> _What you need to do_: Output the lines from the one holding "2022 Toyota Sienna Platinum 7 Passenger" to the end of the entries that follow, exactly and only those, minus any pictures.

═════ Material for this exercise ═════

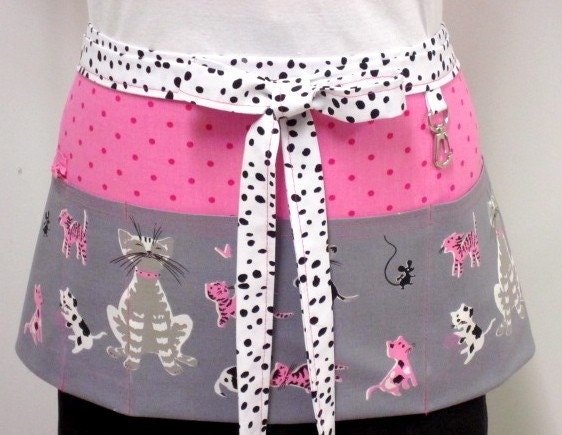 Tammis Cats Gray Zipper/Key Clasp Vendor Apron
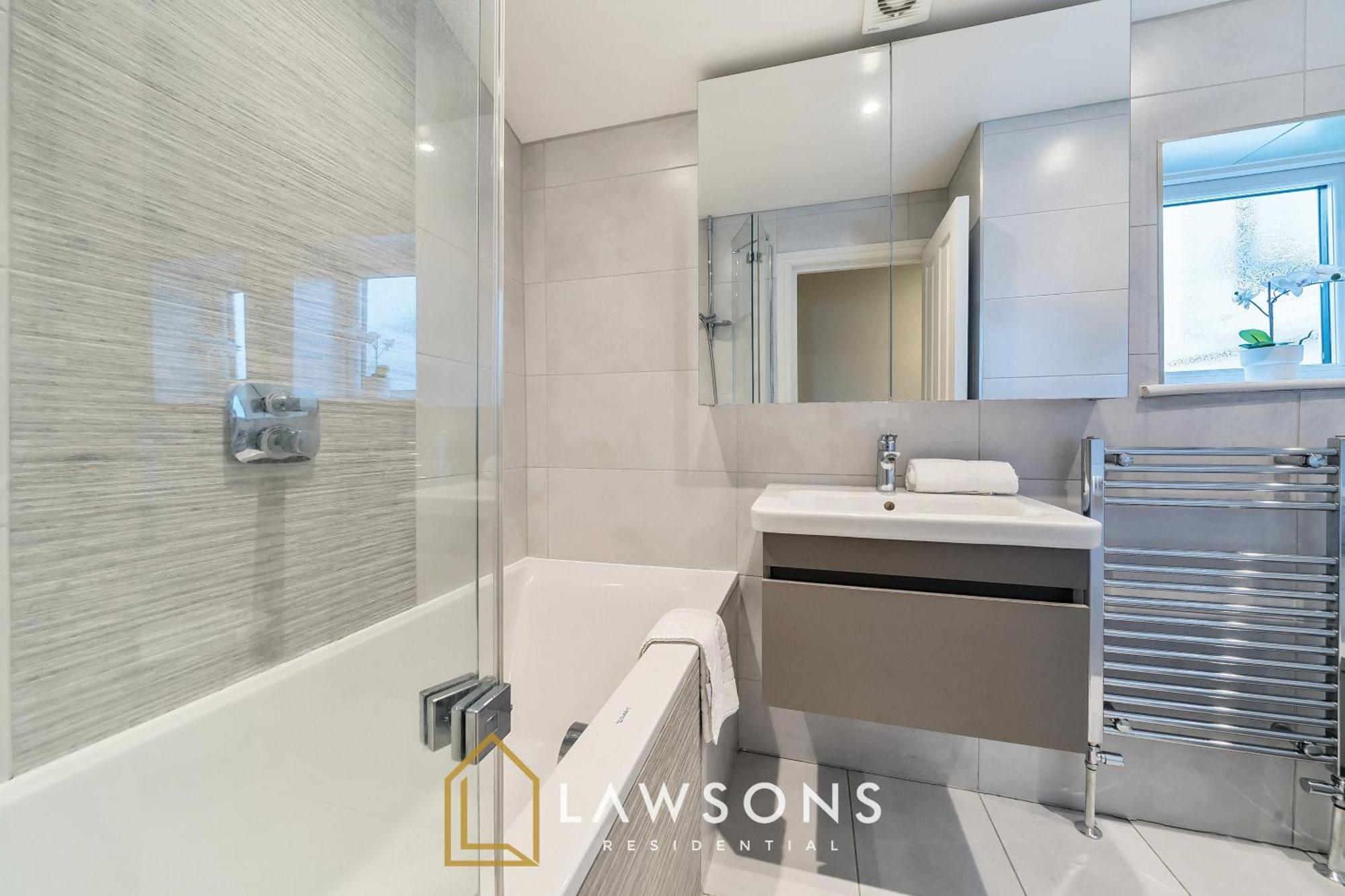 Contemporary Townhouse Living By Lawsons With Secure Parking Holiday home *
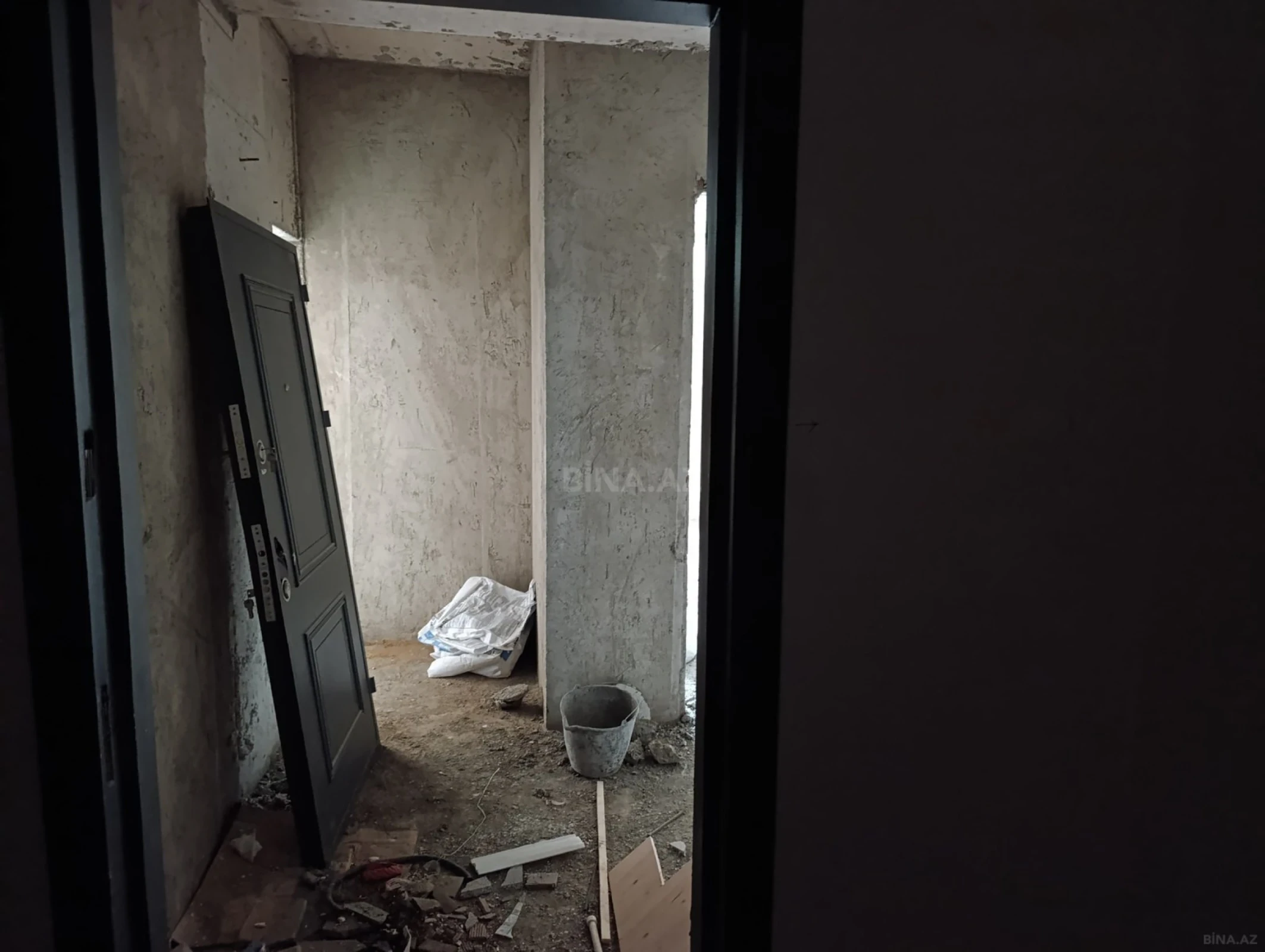 Satılır 2 otaqlı mənzil 77 m²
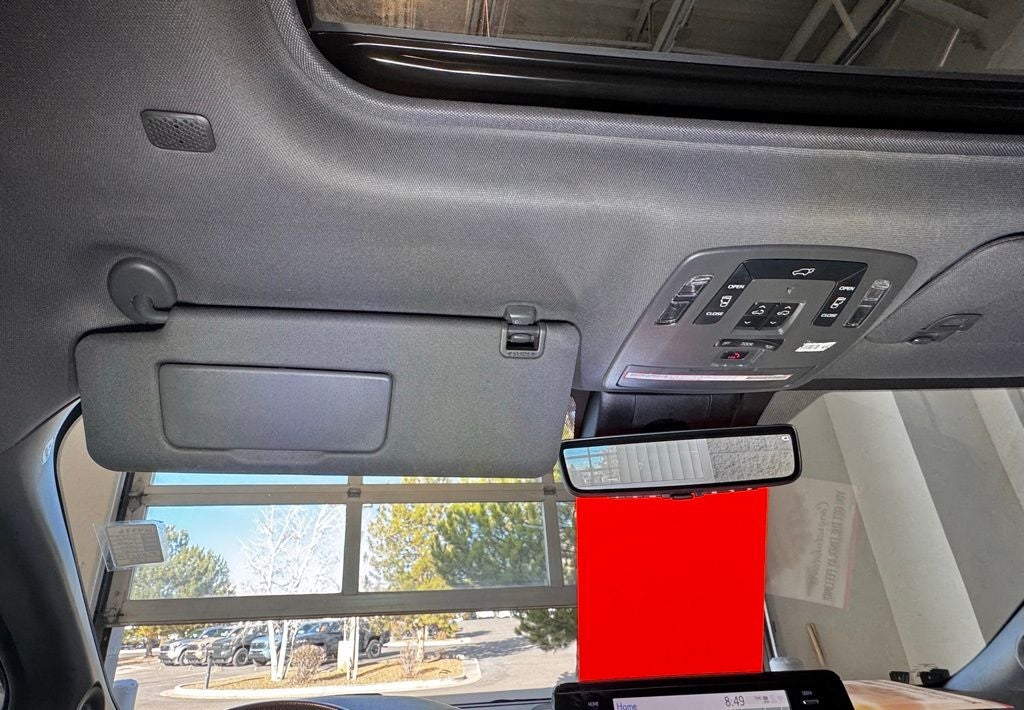 2022 Toyota Sienna Platinum 7 Passenger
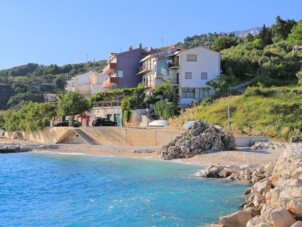 Lägenhet med två sovrum nära stranden Podgora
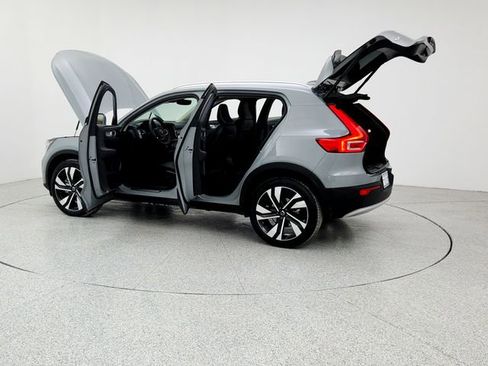 Certified 2024 Volvo XC40 B5 Plus w/ Protection Package Premier image 12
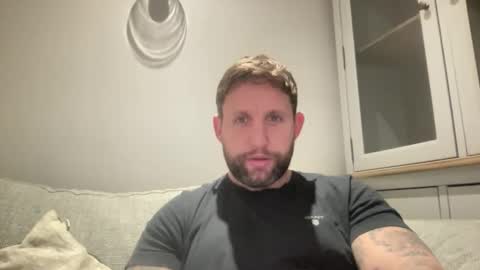 Snapshot of _british_hung_ chatting on 10.23.25 UK BigThick Cock online show from 10.23.25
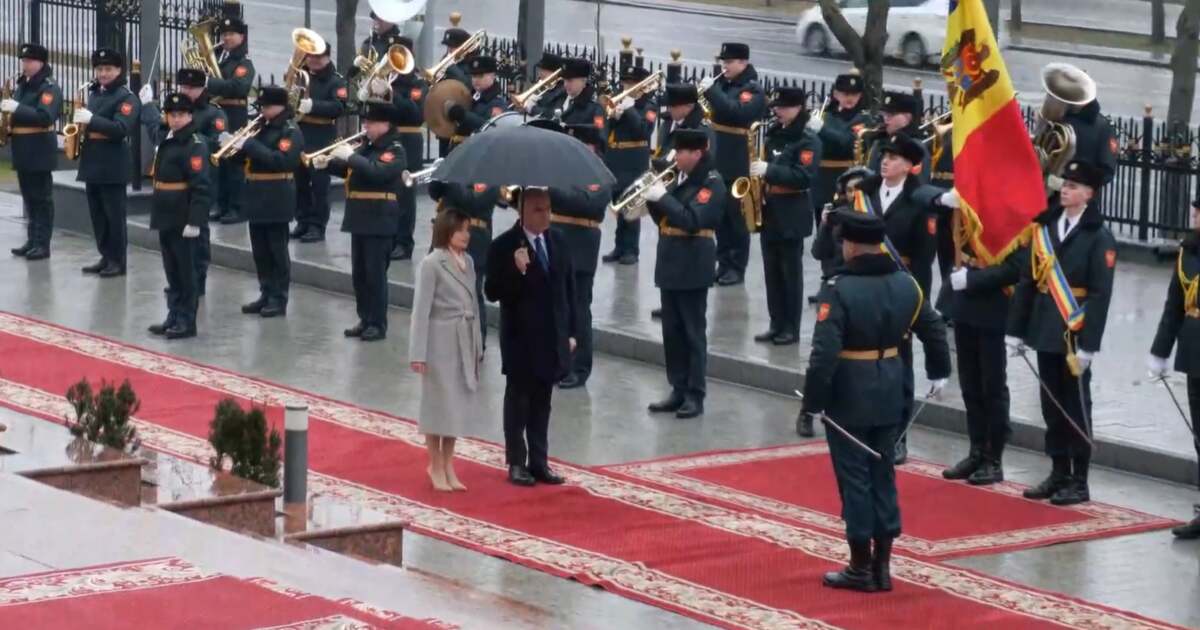 Ilie Bolojan s-a întâlnit cu Maia Sandu într-o vizită la Chișinău, moment filmat Ilie Bolojan s-a întâlnit cu Maia Sandu într-o vizită la Chișinău, moment filmat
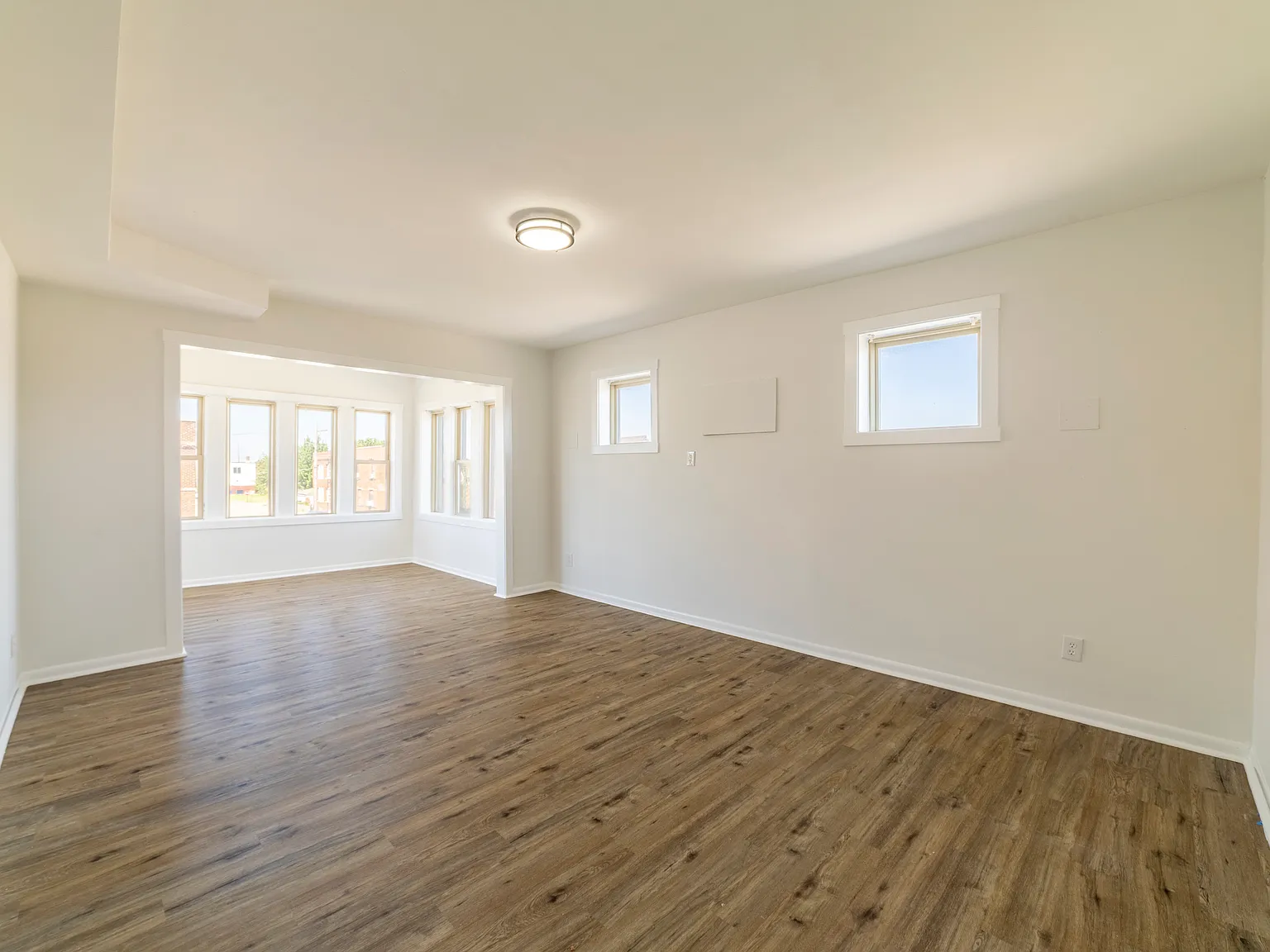 2 bed, $1,200 — Photo 3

═════

> _Your response_:
 2022 Toyota Sienna Platinum 7 Passenger
 Lägenhet med två sovrum nära stranden Podgora
 Certified 2024 Volvo XC40 B5 Plus w/ Protection Package Premier image 12
 Snapshot of _british_hung_ chatting on 10.23.25 UK BigThick Cock online show from 10.23.25
 Ilie Bolojan s-a întâlnit cu Maia Sandu într-o vizită la Chișinău, moment filmat Ilie Bolojan s-a întâlnit cu Maia Sandu într-o vizită la Chișinău, moment filmat
 2 bed, $1,200 — Photo 3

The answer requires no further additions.